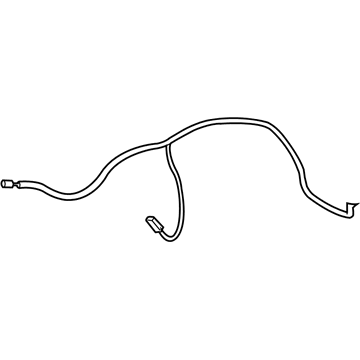 Pontiac Solstice Antenna Cable - 25998483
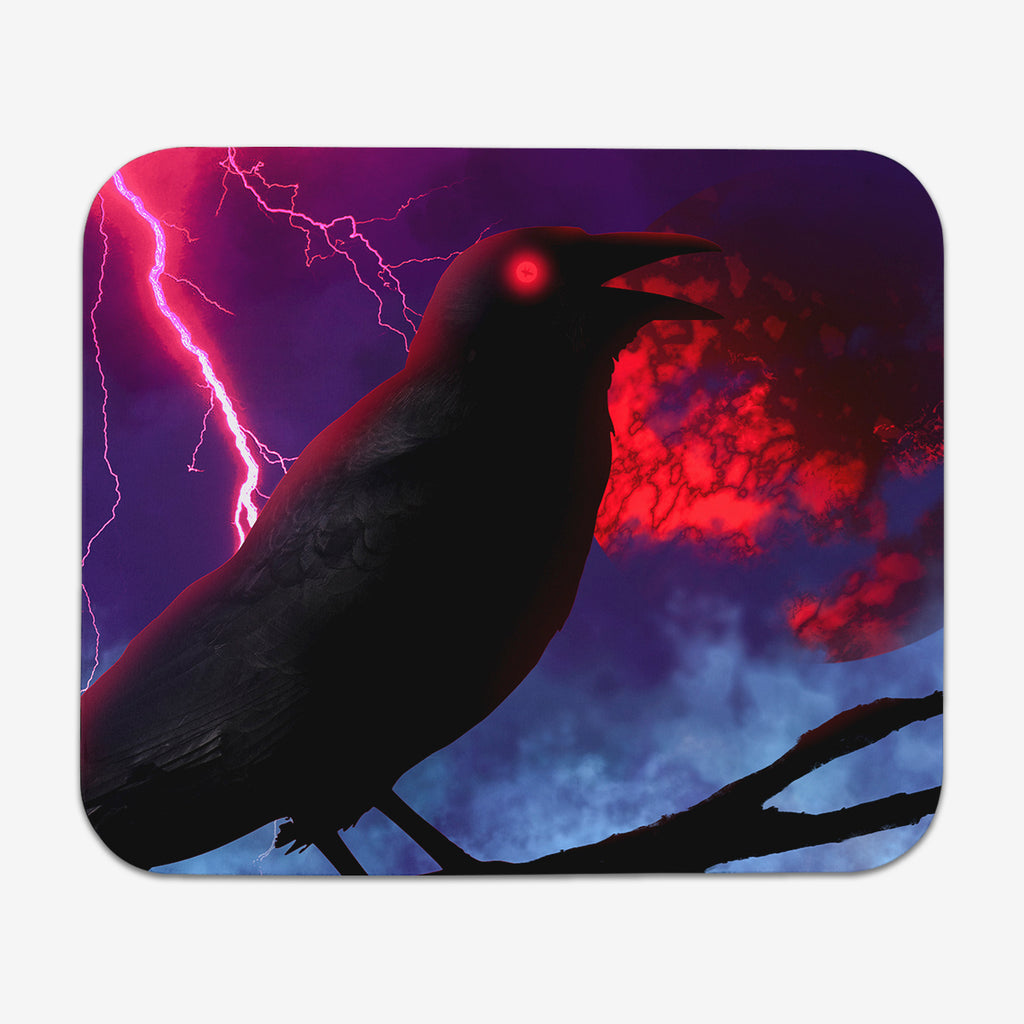 Cursed Familiar Mousepad - Carbon Beaver - Mockup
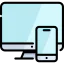 Monitor icon 64x64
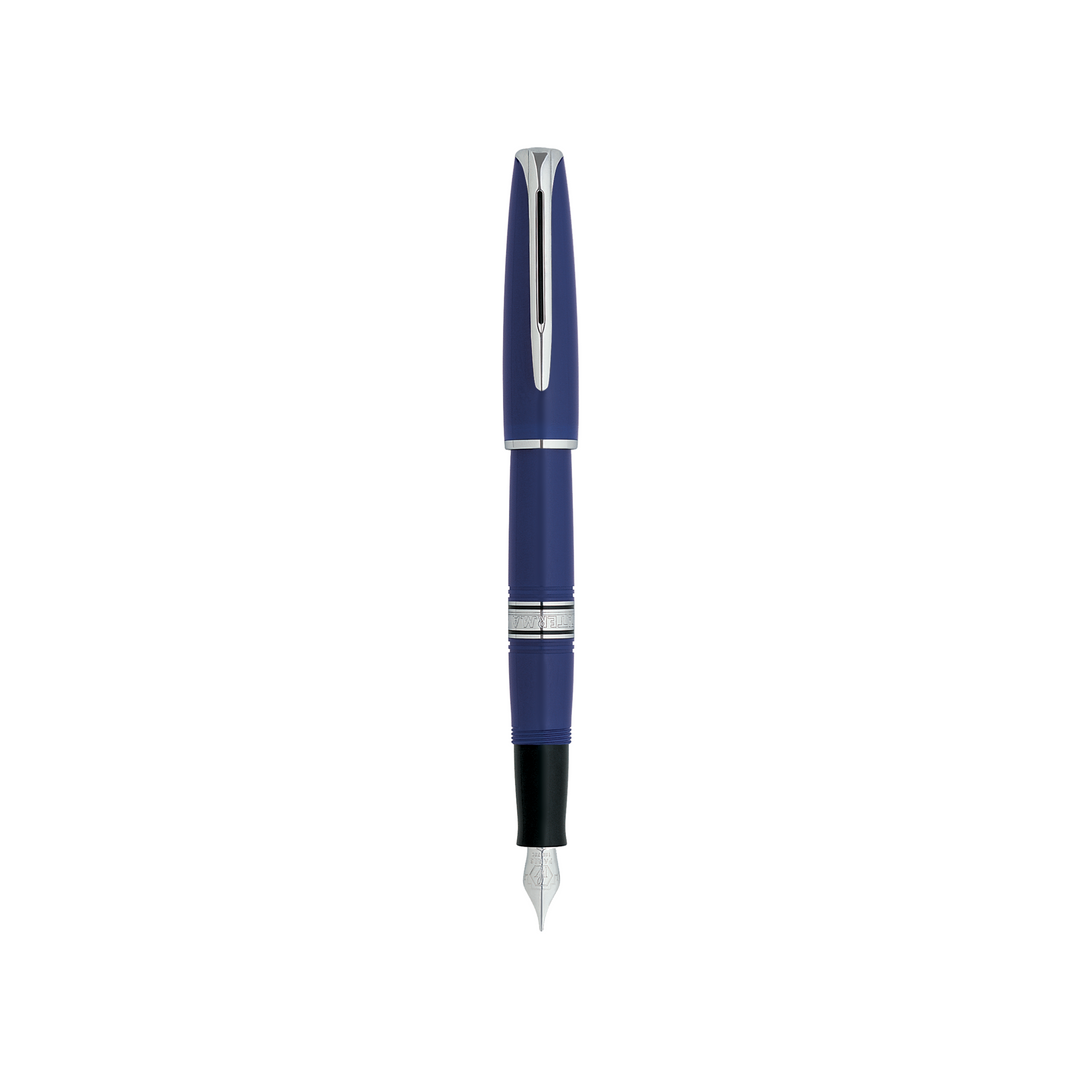 Waterman Charleston Navy Blue CT Fountain Pen - Medium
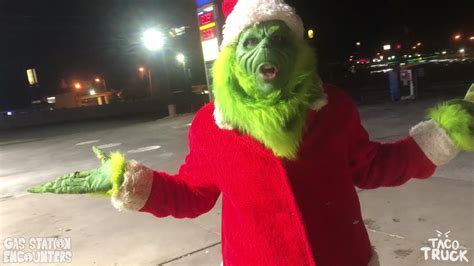 5 Grinch Captados En Camara En La Vida Real Youtube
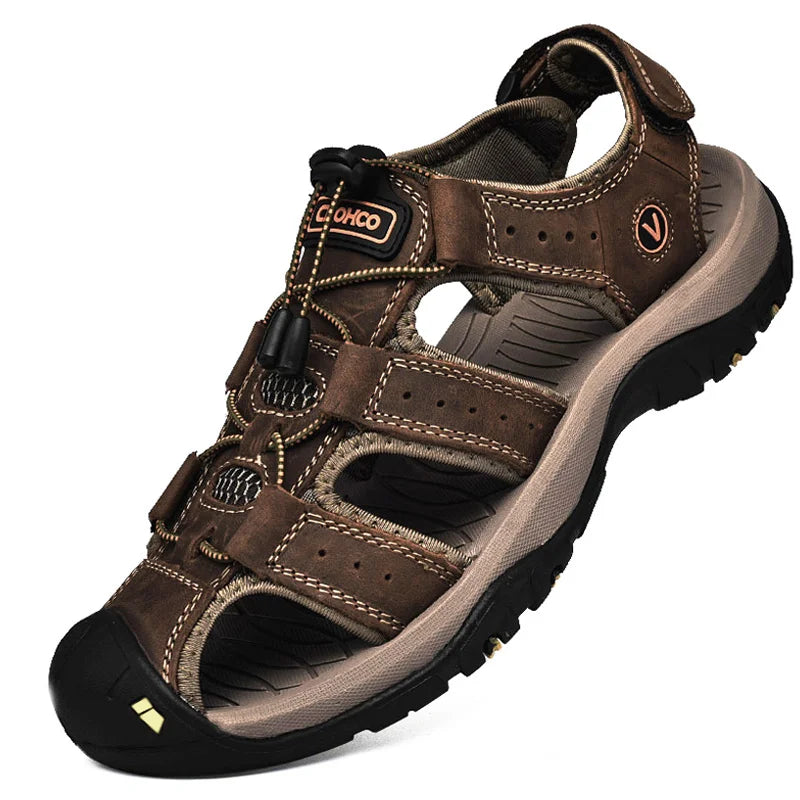 Marcus | Rugged Outdoor Sandals with Optimal Support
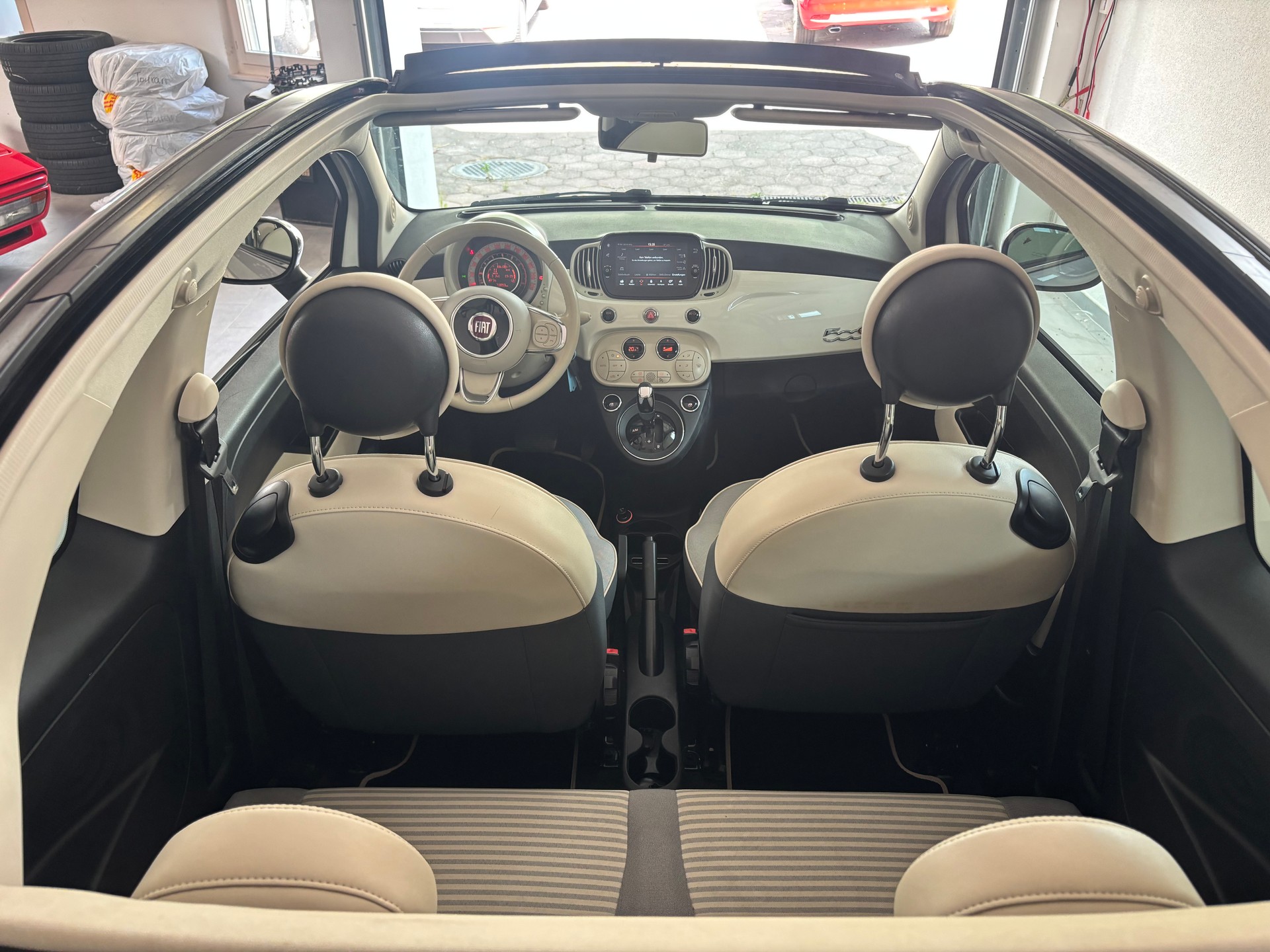 FIAT 500C 0.9 Twinair Collezione Dualogic-image-9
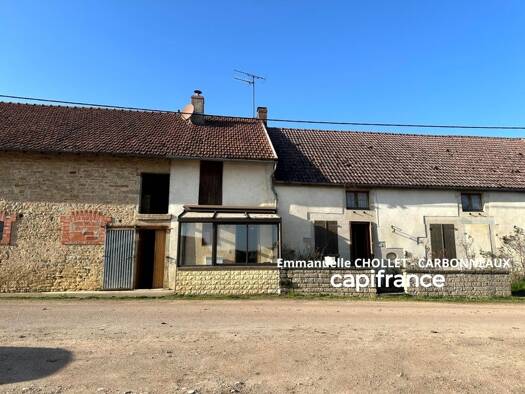 Maison à vendre 90 000 € 7 pièces 4 chambres 130 m² Soussey-sur-Brionne 21350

======

What you are asked to do: Retype every entry above exactly and, please, skip the pictures.

Response below:
 Pontiac Solstice Antenna Cable - 25998483
 Cursed Familiar Mousepad - Carbon Beaver - Mockup
 Monitor icon 64x64
 Waterman Charleston Navy Blue CT Fountain Pen - Medium
 5 Grinch Captados En Camara En La Vida Real Youtube
 Marcus | Rugged Outdoor Sandals with Optimal Support
 FIAT 500C 0.9 Twinair Collezione Dualogic-image-9
 Maison à vendre 90 000 € 7 pièces 4 chambres 130 m² Soussey-sur-Brionne 21350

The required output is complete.